These graphs summarise the performance of Data Parallel Haskell for three simple benchmarks on two different architectures, both of which have 8 cores. At the top, we have 8 cores with one hardware thread each, in the form of two Quad-Core 3GHz Xeon processors. At the bottom, we have 8 cores with 8 hardware threads each (for a total of 64 hardware threads), in the form of a single 1.4GHz UltraSPARC T2.

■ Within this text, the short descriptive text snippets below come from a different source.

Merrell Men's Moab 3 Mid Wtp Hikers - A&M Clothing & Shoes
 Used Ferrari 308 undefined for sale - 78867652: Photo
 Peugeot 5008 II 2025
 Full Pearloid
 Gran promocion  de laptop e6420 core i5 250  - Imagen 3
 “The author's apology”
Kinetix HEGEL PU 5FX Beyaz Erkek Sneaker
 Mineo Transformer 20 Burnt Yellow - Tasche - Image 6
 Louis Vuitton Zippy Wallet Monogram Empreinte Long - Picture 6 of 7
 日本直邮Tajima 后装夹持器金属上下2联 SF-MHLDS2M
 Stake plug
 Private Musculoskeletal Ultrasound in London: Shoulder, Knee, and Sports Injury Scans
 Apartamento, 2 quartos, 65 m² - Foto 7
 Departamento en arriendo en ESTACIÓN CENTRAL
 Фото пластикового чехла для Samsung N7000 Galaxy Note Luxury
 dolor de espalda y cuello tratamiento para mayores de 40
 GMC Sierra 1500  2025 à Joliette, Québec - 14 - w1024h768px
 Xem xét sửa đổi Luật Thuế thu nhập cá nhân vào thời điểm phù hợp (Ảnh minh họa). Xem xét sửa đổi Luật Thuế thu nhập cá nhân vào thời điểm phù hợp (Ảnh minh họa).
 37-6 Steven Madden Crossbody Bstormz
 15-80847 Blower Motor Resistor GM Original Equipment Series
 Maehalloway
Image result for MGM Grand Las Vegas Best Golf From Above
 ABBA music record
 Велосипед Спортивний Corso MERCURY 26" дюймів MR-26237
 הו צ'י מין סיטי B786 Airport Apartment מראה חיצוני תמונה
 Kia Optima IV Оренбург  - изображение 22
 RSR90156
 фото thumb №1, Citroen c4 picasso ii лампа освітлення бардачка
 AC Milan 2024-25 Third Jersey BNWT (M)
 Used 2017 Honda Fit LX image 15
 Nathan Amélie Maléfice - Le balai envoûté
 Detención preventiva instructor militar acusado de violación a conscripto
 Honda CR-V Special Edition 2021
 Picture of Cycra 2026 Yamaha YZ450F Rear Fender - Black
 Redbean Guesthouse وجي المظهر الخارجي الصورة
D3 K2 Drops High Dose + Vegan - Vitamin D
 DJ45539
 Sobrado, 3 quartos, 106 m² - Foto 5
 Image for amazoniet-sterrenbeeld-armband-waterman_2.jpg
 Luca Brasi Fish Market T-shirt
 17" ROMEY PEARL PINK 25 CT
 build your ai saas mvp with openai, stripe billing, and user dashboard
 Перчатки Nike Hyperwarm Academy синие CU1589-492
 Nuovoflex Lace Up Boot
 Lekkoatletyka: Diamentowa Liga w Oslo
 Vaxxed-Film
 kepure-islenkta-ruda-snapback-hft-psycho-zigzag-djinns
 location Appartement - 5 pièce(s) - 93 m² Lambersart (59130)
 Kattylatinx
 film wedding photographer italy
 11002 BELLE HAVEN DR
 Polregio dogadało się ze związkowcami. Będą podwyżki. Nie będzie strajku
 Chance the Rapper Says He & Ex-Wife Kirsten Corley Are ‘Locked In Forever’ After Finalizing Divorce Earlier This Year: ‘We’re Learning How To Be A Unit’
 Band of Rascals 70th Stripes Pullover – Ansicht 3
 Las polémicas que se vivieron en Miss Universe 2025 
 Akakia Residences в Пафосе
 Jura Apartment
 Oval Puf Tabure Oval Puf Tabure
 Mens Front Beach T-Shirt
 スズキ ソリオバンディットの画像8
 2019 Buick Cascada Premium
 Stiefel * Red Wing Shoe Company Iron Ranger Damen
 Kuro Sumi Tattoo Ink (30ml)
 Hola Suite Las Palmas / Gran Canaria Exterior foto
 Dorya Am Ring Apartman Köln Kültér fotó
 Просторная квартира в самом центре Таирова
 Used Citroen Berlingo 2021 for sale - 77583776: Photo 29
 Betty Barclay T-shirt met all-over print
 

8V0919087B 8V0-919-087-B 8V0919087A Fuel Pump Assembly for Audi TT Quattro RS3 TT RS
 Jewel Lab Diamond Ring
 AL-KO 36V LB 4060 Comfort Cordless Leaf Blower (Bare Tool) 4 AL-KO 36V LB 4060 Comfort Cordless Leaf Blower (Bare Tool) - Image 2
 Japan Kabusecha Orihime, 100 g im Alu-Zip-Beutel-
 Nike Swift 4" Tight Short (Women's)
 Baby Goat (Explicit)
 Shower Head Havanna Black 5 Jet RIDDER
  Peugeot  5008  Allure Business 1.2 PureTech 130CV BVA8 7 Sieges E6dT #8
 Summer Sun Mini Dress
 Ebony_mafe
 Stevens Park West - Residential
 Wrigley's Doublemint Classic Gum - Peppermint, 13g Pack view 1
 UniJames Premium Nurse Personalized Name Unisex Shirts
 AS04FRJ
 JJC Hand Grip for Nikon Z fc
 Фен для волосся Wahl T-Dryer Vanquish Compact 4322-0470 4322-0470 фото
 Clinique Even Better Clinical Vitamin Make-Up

The benchmarks are the following: (1) `sumsq`

computes the parallel sum of the squares from 1 to 10 million; (2) `dotp`

computes the dot product of two dense vectors of 100 million double-precision floating-point numbers; and (3) `smvm`

multiplies a sparse matrix with 10 million non-zero double-precision floating-point elements with a dense vector.

The graphs show the speedup of Data Parallel Haskell with respect to a *sequential C* implementation of each benchmark – whenever, a curve climbs above 1 on the y-axis, the parallel Haskell program beats the sequential C program in absolute runtime.

The scalability of these three programs in Data Parallel Haskell is very good, although `dotp`

is limited by memory bandwidth on the Quad-Core Xeon processors, as discussed in my previous post. The grey curve is a parallel C implementation of `dotp`

that is bandwidth limited in the same manner.